→ **Required action**
Print exactly the lines below between the line holding "Hoya heuschkeliana 'Variegata'" and the line holding "Può includere: Tre", inclusive, and nothing more.

→ **Material provided**
━━━━━━━━━━━━━━━━━━━━━━━━━━━━━━

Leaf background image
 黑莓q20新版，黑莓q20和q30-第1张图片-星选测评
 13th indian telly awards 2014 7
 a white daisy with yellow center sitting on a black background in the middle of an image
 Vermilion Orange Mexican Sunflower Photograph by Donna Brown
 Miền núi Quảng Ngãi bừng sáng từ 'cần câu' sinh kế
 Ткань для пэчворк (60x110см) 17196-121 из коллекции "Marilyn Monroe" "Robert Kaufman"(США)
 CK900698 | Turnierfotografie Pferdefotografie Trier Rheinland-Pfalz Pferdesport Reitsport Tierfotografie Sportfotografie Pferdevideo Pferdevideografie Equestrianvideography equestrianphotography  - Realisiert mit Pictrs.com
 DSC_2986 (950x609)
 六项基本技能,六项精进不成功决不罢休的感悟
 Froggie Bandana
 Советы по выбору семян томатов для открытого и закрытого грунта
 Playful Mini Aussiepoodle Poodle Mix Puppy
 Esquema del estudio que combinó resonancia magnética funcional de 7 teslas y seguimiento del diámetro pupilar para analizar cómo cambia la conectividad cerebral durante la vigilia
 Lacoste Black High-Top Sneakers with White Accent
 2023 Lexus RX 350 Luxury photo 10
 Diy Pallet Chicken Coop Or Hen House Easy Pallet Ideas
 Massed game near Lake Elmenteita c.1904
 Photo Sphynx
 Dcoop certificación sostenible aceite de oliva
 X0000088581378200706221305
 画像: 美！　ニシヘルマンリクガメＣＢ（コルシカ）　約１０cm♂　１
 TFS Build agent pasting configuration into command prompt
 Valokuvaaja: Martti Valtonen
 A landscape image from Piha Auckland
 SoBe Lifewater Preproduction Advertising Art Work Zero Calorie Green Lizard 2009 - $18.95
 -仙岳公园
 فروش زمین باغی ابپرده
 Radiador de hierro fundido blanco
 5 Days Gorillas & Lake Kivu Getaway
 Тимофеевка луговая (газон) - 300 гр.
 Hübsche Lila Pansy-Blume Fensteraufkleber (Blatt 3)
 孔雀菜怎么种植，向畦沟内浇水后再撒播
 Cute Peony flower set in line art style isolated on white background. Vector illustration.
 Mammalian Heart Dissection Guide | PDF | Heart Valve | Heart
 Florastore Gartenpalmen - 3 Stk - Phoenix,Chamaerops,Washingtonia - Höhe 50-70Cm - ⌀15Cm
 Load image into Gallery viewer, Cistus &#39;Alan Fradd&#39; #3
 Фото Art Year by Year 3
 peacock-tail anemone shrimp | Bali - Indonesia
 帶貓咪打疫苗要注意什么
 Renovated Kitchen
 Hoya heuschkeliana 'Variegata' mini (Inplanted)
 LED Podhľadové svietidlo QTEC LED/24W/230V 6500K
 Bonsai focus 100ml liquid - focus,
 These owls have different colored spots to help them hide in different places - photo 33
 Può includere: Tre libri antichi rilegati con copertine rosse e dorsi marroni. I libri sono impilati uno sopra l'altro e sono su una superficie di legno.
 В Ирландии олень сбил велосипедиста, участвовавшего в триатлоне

━━━━━━━━━━━━━━━━━━━━━━━━━━━━━━

→ **Solution for this exercise**
 Hoya heuschkeliana 'Variegata' mini (Inplanted)
 LED Podhľadové svietidlo QTEC LED/24W/230V 6500K
 Bonsai focus 100ml liquid - focus,
 These owls have different colored spots to help them hide in different places - photo 33
 Può includere: Tre libri antichi rilegati con copertine rosse e dorsi marroni. I libri sono impilati uno sopra l'altro e sono su una superficie di legno.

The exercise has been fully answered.